## Exercise
Word for word, restate the lines of the listing below from the line with "2025级湖北理工学院成教新生入学资格复查通知" through the line with "エルフ特教師 [見影]", and do not include the pictures.

## Provided data
Content starts
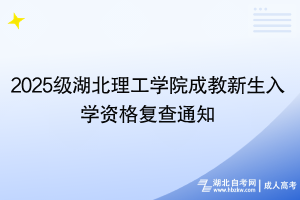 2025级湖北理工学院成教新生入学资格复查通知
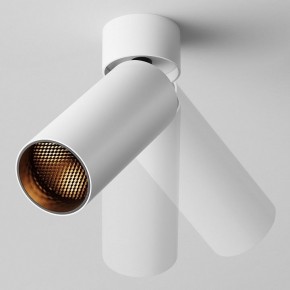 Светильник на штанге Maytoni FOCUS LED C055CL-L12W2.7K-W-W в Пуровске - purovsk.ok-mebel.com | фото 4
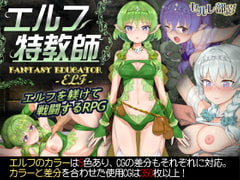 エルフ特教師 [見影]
Content ends
Content starts
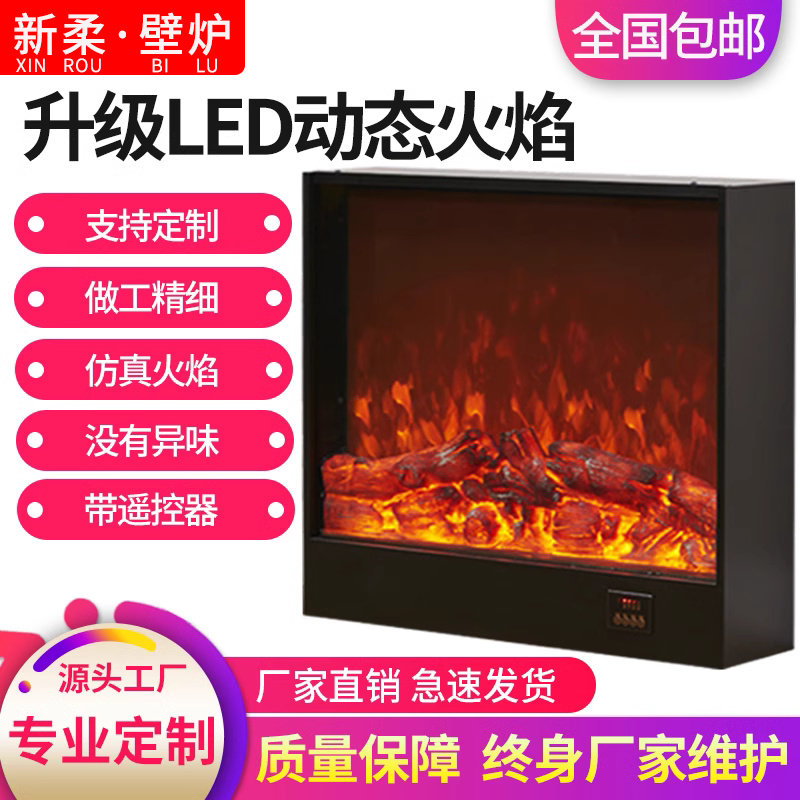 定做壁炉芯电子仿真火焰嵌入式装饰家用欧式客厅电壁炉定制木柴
Content ends
Content starts
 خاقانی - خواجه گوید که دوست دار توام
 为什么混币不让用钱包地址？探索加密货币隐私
Content ends
## Expected output
 2025级湖北理工学院成教新生入学资格复查通知
 Светильник на штанге Maytoni FOCUS LED C055CL-L12W2.7K-W-W в Пуровске - purovsk.ok-mebel.com | фото 4
 エルフ特教師 [見影]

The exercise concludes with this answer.